Paul Virilio
L'administration de la peur
ÉD. Textuel, Paris, 2010
Paul Virilio, 78 ans, urbaniste d’origine, est devenu sociologue et philosophe à force de penser inlassablement la vitesse. Depuis 1977, date à laquelle il a publié Vitesse et Politique, essai sur la dromologie, il réfléchit à l’accélération du monde et à ses conséquences sur l’homme, l’économie, l’environnement, la géopolitique. Il lie le territoire aux technologies qui permettent de le parcourir et de le contrôler. TGV, pigeon voyageur ou Internet, avion ou minitel, qu’il s’agisse des techniques de communication ou des techniques de déplacement, il définit le territoire comme un espace-temps qui rapetisse.

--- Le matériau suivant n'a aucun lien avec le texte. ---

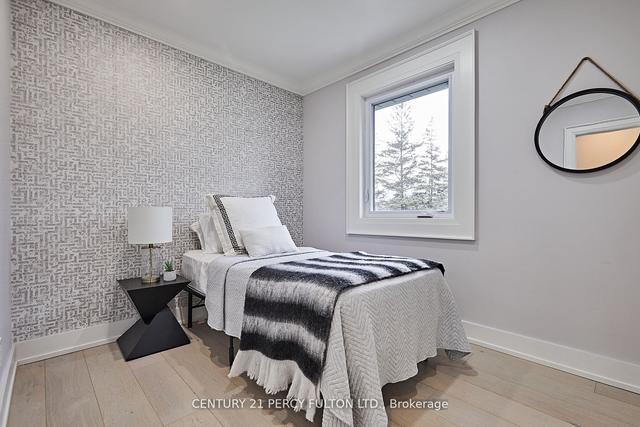 40 Monarchwood Cres, House detached with 3 bedrooms, 4 bathrooms and 5 parking in Toronto ON | Image 7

Dans son dernier ouvrage, l’Administration de la peur, il soutient que la peur est un moyen de gouverner. De fait, dans nos sociétés - des origines monarchiques à la démocratie -, la peur a toujours fait partie des moyens de gouverner. On le voit aujourd’hui avec les politiques sécuritaires. Le pouvoir de la peur domine le pouvoir de la reconnaissance du bien public. Toute une génération parle à travers ce livre et constate que la peur est entretenue par d’autres moyens, d’abord atomiques, puis terroristes et écologistes.
Virilio met ainsi en avant trois peurs : l’équilibre de la terreur, le déséquilibre de la terreur et la peur écologique. L’équilibre de la terreur a cessé avec la chute du mur de Berlin, cédant la place au déséquilibre de la terreur. Celui-ci correspond au terrorisme, qui peut survenir à tout instant, partout, à Londres, New York ou Madrid. Actuellement, nous vivons une nouvelle grande peur, la peur écologique.

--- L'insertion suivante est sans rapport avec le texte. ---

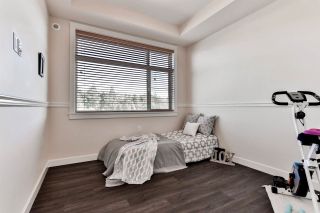 Photo 11: B527 20716 WILLOUGHBY TOWN CENTER Drive in Langley: Willoughby Heights Condo for sale in "Yorkson Downs" : MLS®# R2585887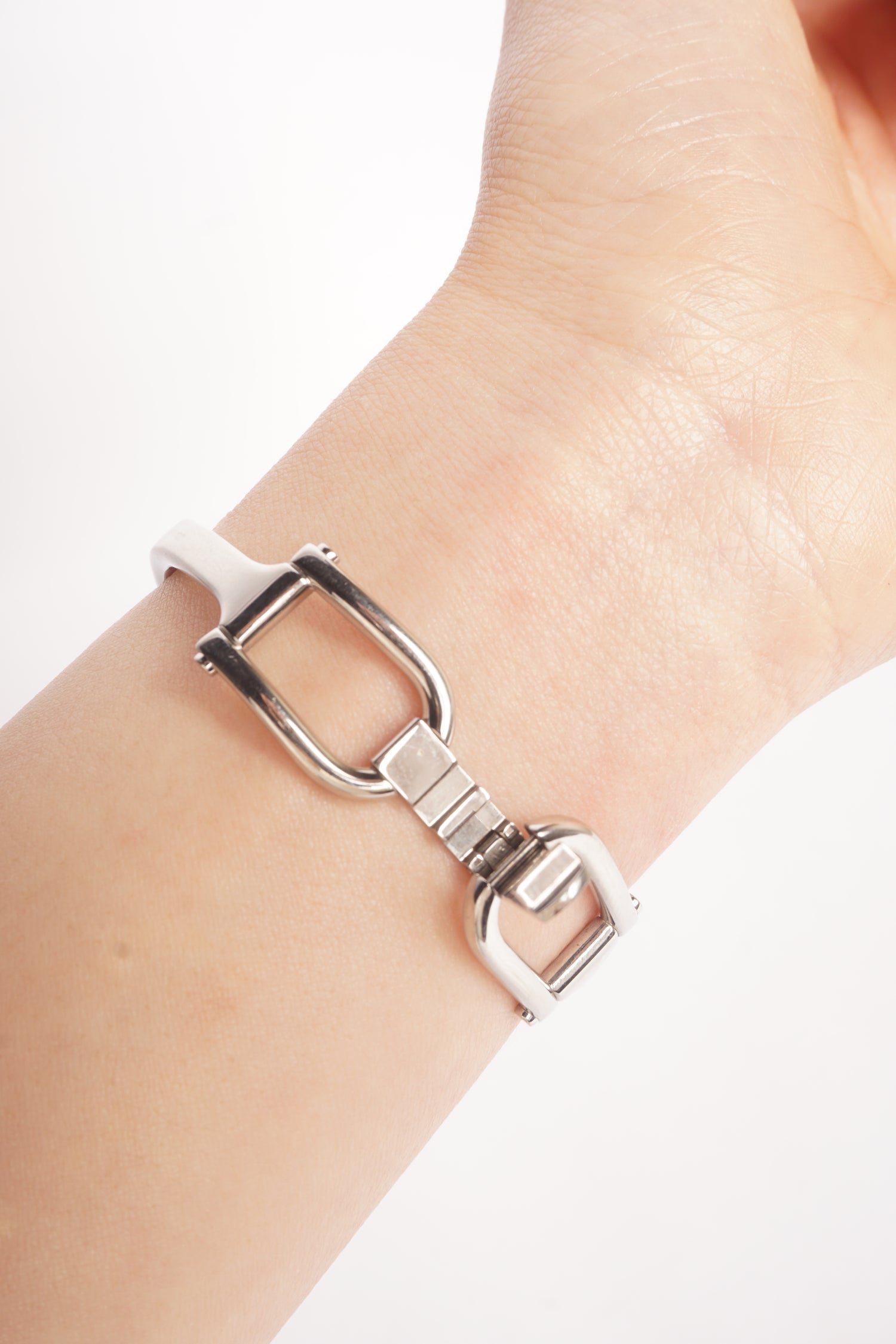 Gucci Roman Numeral Silver Bangle 1500L Watch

Il faut absolument, soutient l'auteur, éviter que l’écologie conduise aux mêmes paniques. Après la forme interétatique de la guerre froide, forme plus complexe du terrorisme, la peur écologique lui rappelle le Lebensraum, cette notion géopolitique de l’espace vital. Aujourd’hui, l’idéologie de l’espace vital peut se superposer à l’idéologie de l’écologie même s'il faut préserver notre lieu de vie.

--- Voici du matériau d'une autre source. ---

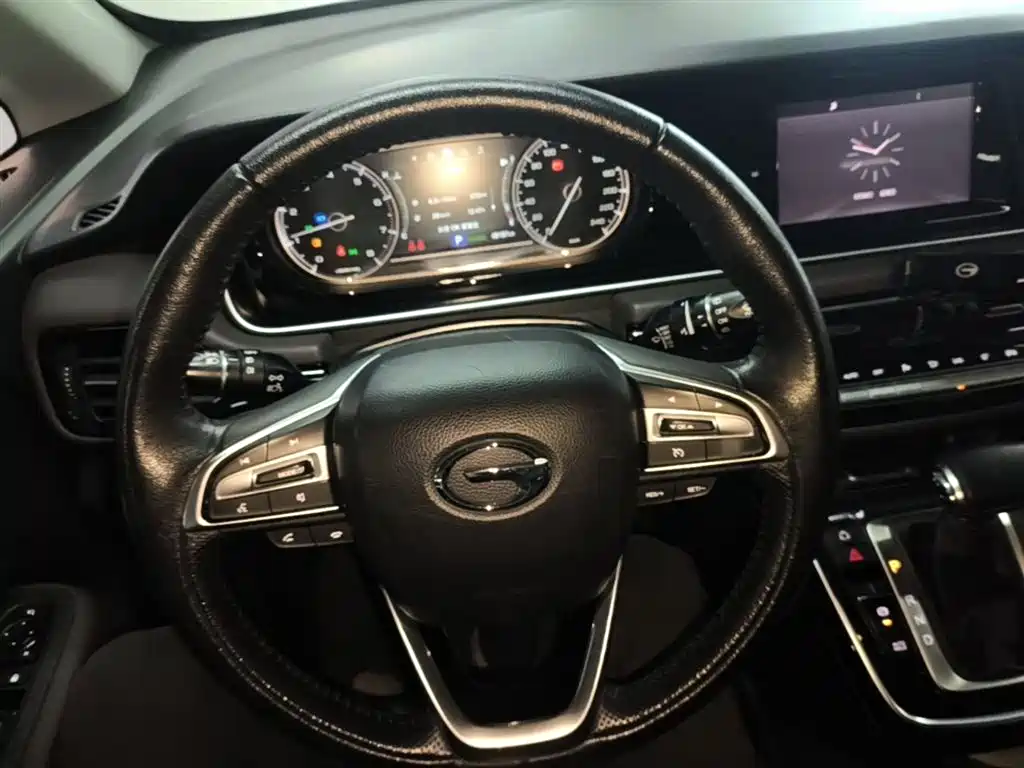 GAC Motor Trumpchi M6 2019 — фото 11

Pourquoi cette peur ? parce que tout ce qui menace notre vie fait peur . Or, Ii ne faut pas avoir peur, mais faire face. Il faut surtout refuser le "globalitarisme" écologique imposé par la peur, parce que c’est toujours au nom du bien que l’on terrorise et que les écologistes ont la tentation de gouverner par la peur.